As Kingston and  Elmbridge’s finest prepare for the biggest fortnight of their lives, an Olympic legend has warned being the world’s best is all about preparation.
 

Fifteen athletes from the two boroughs will be part of the biggest and best prepared  Team  GB  squad  to compete at an Olymics when the London Games officially opens in Stratford tonight.
 

American swimming star Mark Spitz famously won seven gold medals at the 1972 Olympics in Munich and to achieve that feat he started training for the specific Olympic programme in Germany two years in advance.
 

Six months before the defining moment of the 62-year-old’s career, life was continuing as part of a plan hatched in 1970.
 

Spitz, who helped former 400m hurdles ace Ed Moses start the Bushy Park parkrun earlier this year ahead of February’s Laureus World Sports Awards in London, reckoned it was his attention to detail that made all the difference.
 

“Six months out, I was working out and training really hard and just trying to keep my focus,” he said.
 

“I didn’t have to sweat too much to make the Olympics.  I was pretty fast, I was a world record holder and the US Olympic trials were really just going to be a warm-up.  I was lucky it workd out that way.
 

“I had practised the Olympic programme two years earlier.  I did the same events on the same days as they would be in Munich so I had experience of it.
 

“So I did the four individual events at the trials and I felt like I was on track, swimming really well, and was just taking each day at a time.”
 

Spitz’s efforts have gone down in Olympic folklore and while you would imagine his seventh gold was the most satisfying, it wasn’t for the reasons you might expect.
 

“All seven medals  were satisfying.
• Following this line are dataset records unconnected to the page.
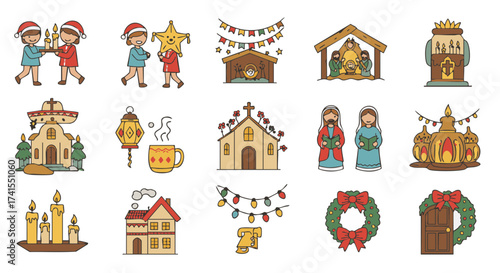 Vector icons set Las Posadas Mexican Christmas celebration isolated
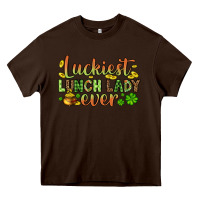 Chocolate Brown St. Patrick's Luckiest lunch lady ever Heavy Core Tee - OliviaCreatesArt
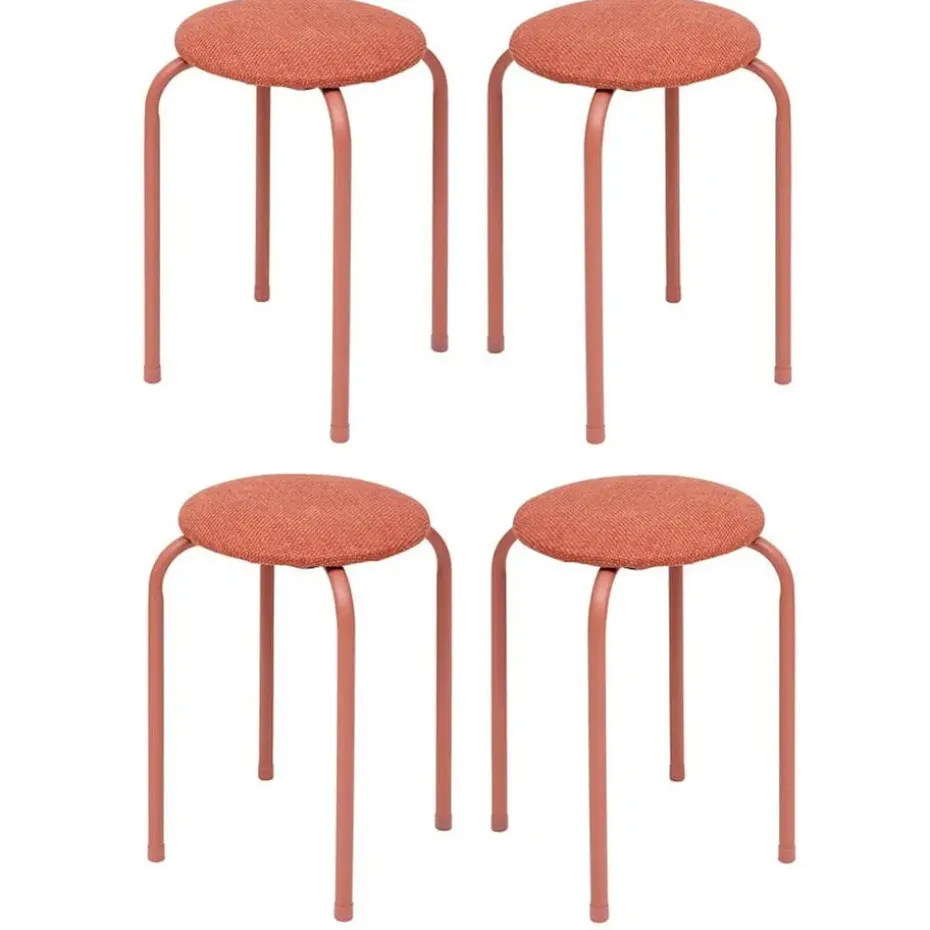 5Five Stapelbaar zit krukje - metaal/polyester - roze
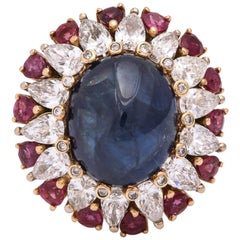1950s Cabochon Sapphire, Ruby and Diamonds Gold Cocktail Ring
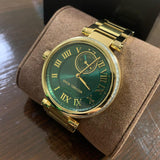Buy Shop Michael Kors Skylar Green Dial Gold Steel Strap Watch for Women - MK6065 USA Online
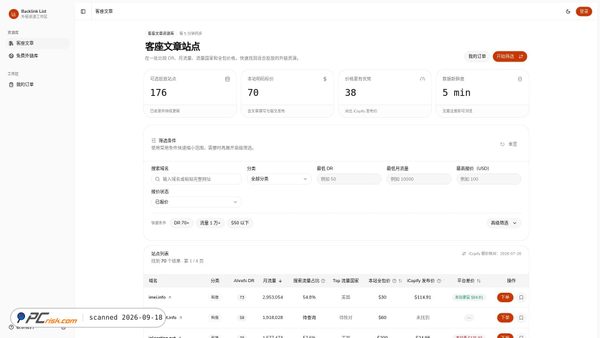 backlink-list.com screenshot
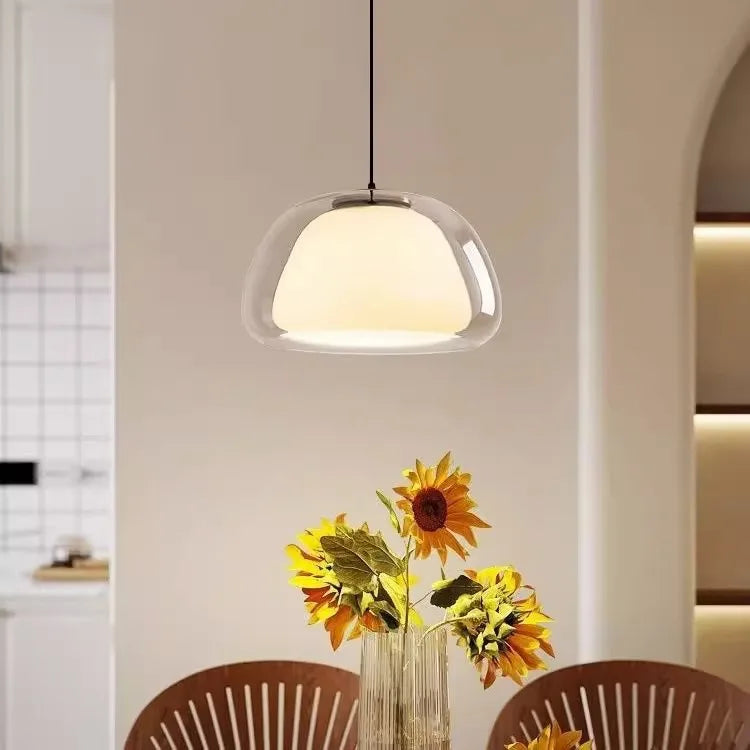 suspension en verre double couche style danois pour intérieur élégant - vue 3 sur 18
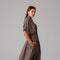 Brown Striped Pleated Shirt Dress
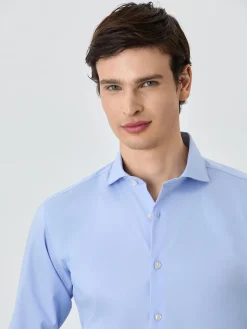 Slim Fit Shirt With Dublin Collar In Cotton Blend Camisas Clássicas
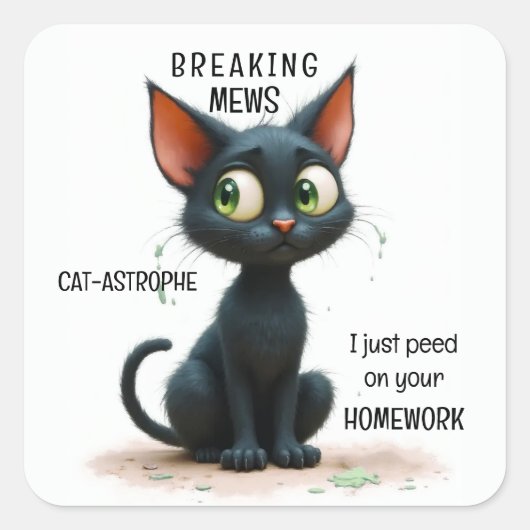 Funny Cat Back to School Vierkante Sticker (Voorkant)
The first event – the 200m butterfly – I had finished dead last in the last Olympics and I was then the world record holder,” he said.
 

“By winning that first up I proved I was really prepared. The 100m freestyle, the last event, was very important.  It is like the 100m sprint in track and field.
 

“There are 15 events, but if I didn’t win that I wouldn’t have been recognised as the fastest swimmer in the world.
 

“Those two gold medals were the standout events for me.”